• **SUPPLIED ENTRIES**
■ ■ ■ ■ ■ ■ ■

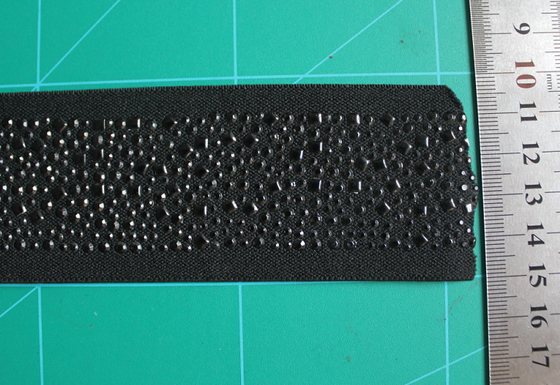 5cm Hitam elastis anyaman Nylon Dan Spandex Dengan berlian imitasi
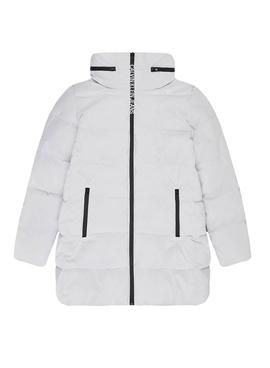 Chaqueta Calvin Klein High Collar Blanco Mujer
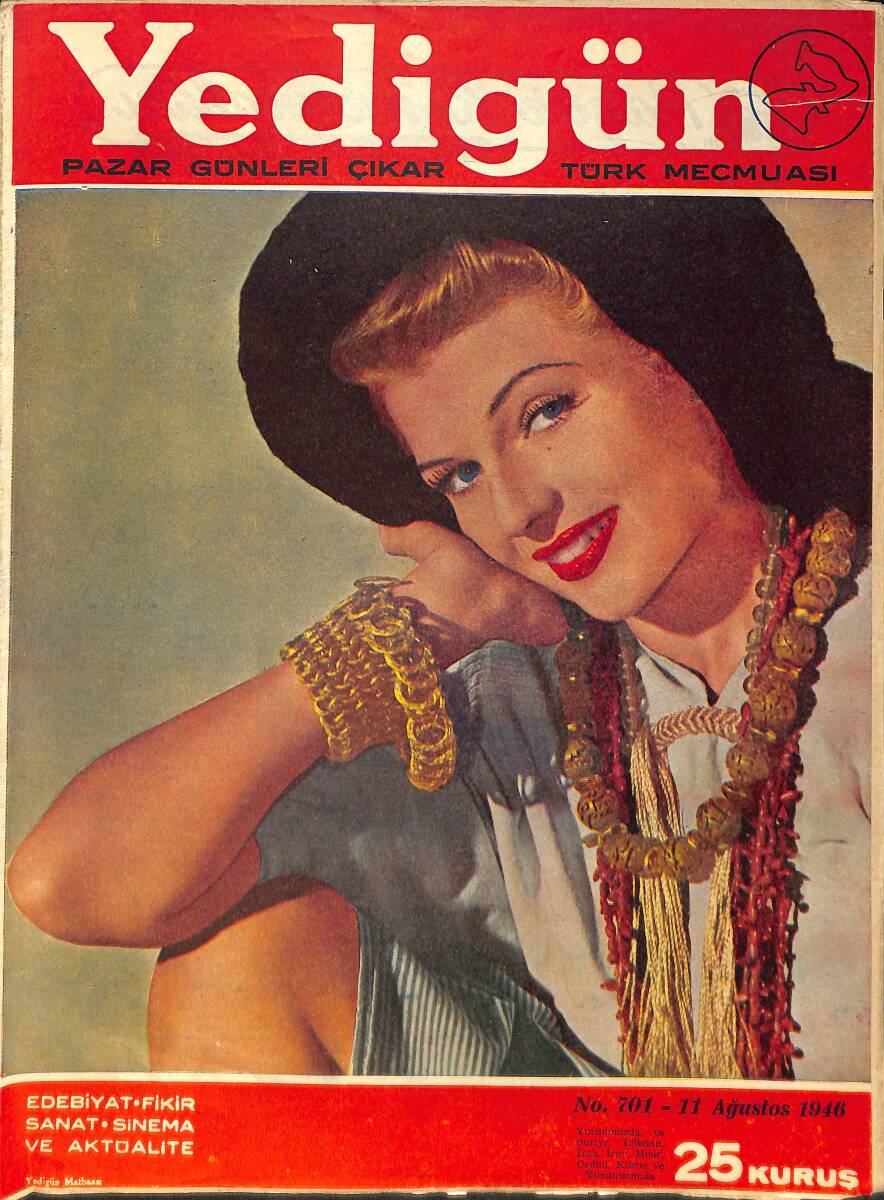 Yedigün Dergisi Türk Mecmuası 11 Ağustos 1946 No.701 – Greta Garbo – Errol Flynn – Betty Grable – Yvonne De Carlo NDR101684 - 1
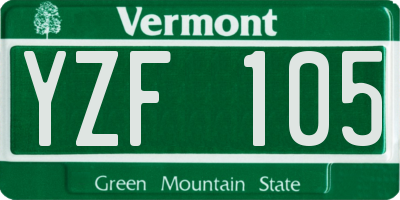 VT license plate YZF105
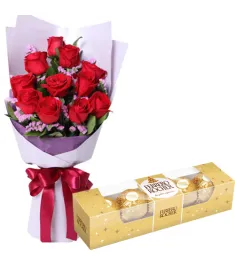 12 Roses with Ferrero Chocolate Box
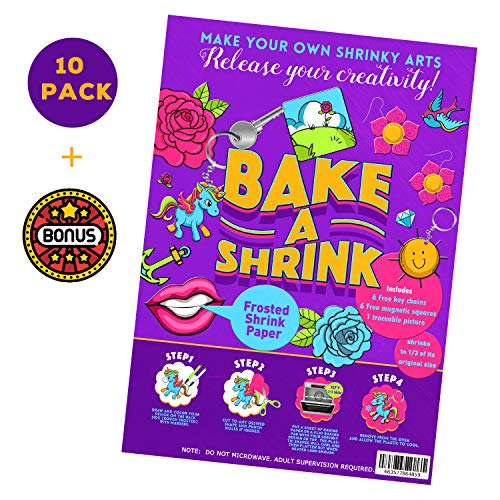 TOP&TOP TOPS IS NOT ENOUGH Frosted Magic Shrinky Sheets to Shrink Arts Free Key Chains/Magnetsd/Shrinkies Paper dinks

■ ■ ■ ■ ■ ■ ■

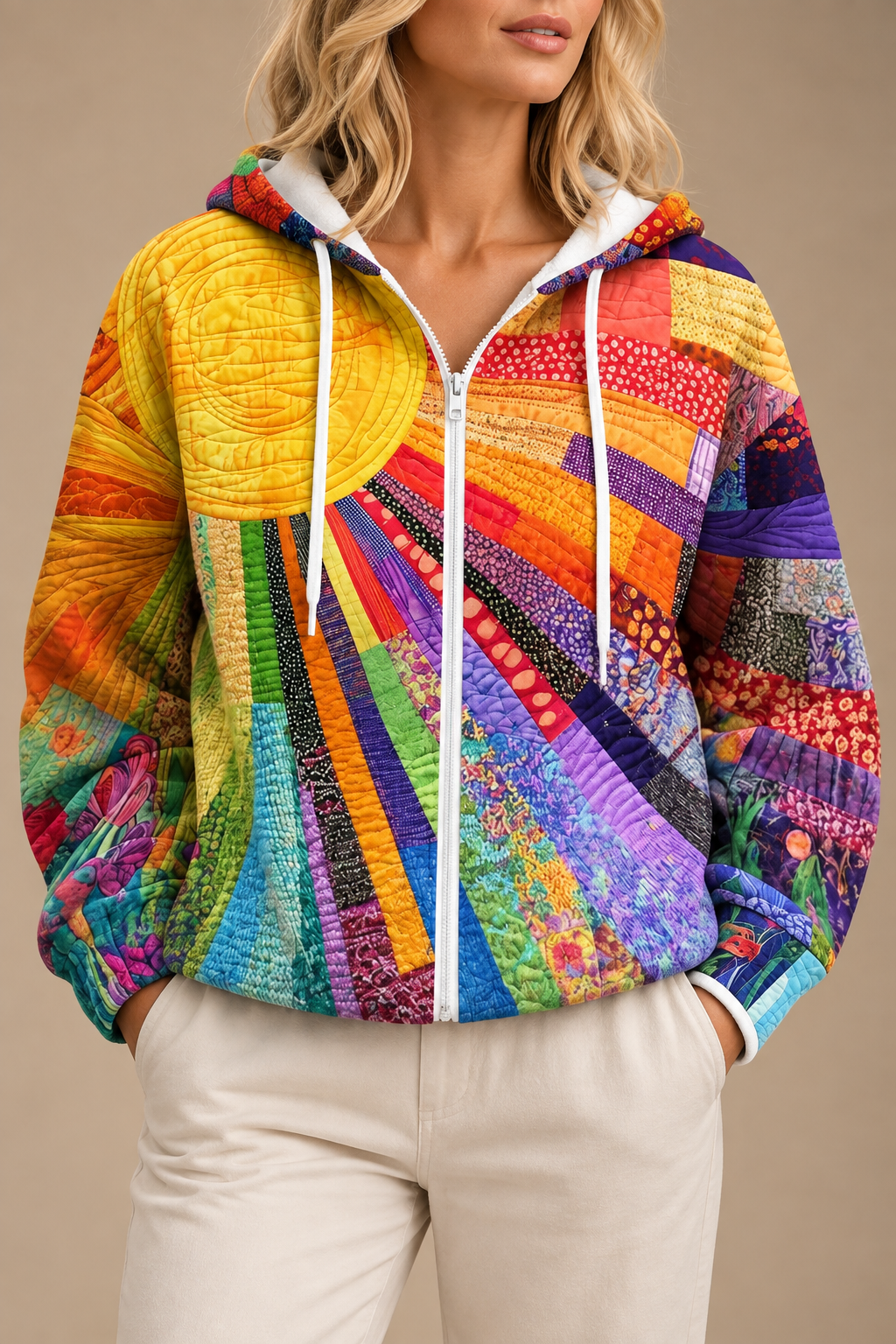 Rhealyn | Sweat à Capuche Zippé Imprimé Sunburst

■ ■ ■ ■ ■ ■ ■

Once the line with "Chaqueta Calvin Klein" is found above, print it and every line after it through the line with "12 Roses with Ferrero Chocolate Box", exactly. Pictures stay out.

• **WRITTEN SOLUTION**
 Chaqueta Calvin Klein High Collar Blanco Mujer
 Yedigün Dergisi Türk Mecmuası 11 Ağustos 1946 No.701 – Greta Garbo – Errol Flynn – Betty Grable – Yvonne De Carlo NDR101684 - 1
 VT license plate YZF105
 12 Roses with Ferrero Chocolate Box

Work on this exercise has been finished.